Lorsque, adolescente, Rosette prenait à coeur le malheur de son jeune voisin, Rosan, garçon mal aimé, elle lui contait des histoires merveilleuses pour le distraire et lui donner espoir que l’avenir serait meilleur. À l’occasion, elle y ajoutait une petite imitation de slogan publicitaire :

Elle se mettait à assortir les mots d’une façon pas ordinaire, inventait des histoires incrédibles, racontait un temps où l’espérance gouvernait le monde… « L’Espérance n’était pas comme maintenant, juste un mot de bouche sans forme ni contour. L’Espérance avait de grandes ailes, une tête bien pleine et un coeur sans faille… » disait-elle à Rosan, promettant que tout cela reviendrait juste pour eux. Parfois, elle chantonnait le refrain d’une réclame de cigarettes américaines qui jurait : « Le bonheur est à portée de vos lèvres ! » Et, pour le faire rire, elle se mettait alors à fumer des cigarettes imaginaires, soufflant une fumée de mirage.

EM, p. 111

Jargon publicitaire ou histoires « incrédibles », tout n’est que mirage, imitation, mots « au bout des lèvres ». En dépit des assurances de Rosette, le texte présente ces divers « jargons » (dont le caractère transculturel est à nouveau souligné ici) comme des discours trompeurs, oiseux, vides de sens et tant que les « lèvres » des individus ne produiront que de semblables « fumées », aucune parole vraie, signifiante n’en sortira.
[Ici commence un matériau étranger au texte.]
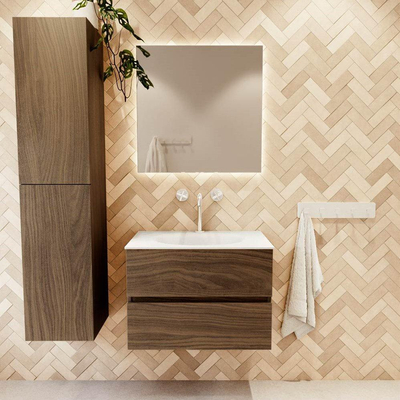 Mondiaz VICA meuble sous lavabo de salle de bains - 70cm - 2 tiroirs - lavabo Moon Talc - sans trou de robinet - Mocha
Ce problème de la reproduction irréfléchie, trop fidèle, de modèles inappropriés prend une dimension dramatique dans le cas d’Angela. Encore là, les intentions de Rosette sont irréprochables, comme celles de toutes les mères qui ne cherchent qu’à distraire leurs enfants, et l’on note même que la conteuse fait preuve d’une certaine créativité dans sa pratique du genre. En effet, ce ne sont pas des contes traditionnels qu’elle sert à son amoureux et à ses enfants, mais des histoires de son cru où Espérance et Cyclone ont connu de mauvais jours dont ils se relèvent pour reprendre leur place au soleil. Mais avec Angela, la maman rêveuse fait un pas de plus : elle transforme ses contes en dictées qu’elle fait écrire à sa fille. Ici, il apparaît clairement que c’est le processus de transmission des formes figées qui est mis en cause par le roman. Alors qu’Angela reproduit fidèlement la parole de sa mère, parole coulée dans le moule des formes traditionnelles, elle-même se tait. Ainsi, voulant remonter à l’origine du drame, Rosette relit les dictées de sa fille tout en constatant : « Je sais plus quand Angela a perdu son rire comme on perd la parole. Enfermée dans un silence. Rien à dire. Jamais rien à raconter » (EM, p. 245). La dictée de la mère recouvre, étouffe la voix de la fille, et l’analogie avec les paraboles bibliques des Rastas est à nouveau évidente ici. Tout est « dictée » : Sister Beloved, Mademoiselle Estelle, la catéchiste, Angela, Rosette, chacune reproduit et fait répéter, prendre en note le mot à mot d’un texte transmis de génération en génération, de maître en disciple, de pays en pays. Les formes (les textes) perdurent mais les voix se taisent [3].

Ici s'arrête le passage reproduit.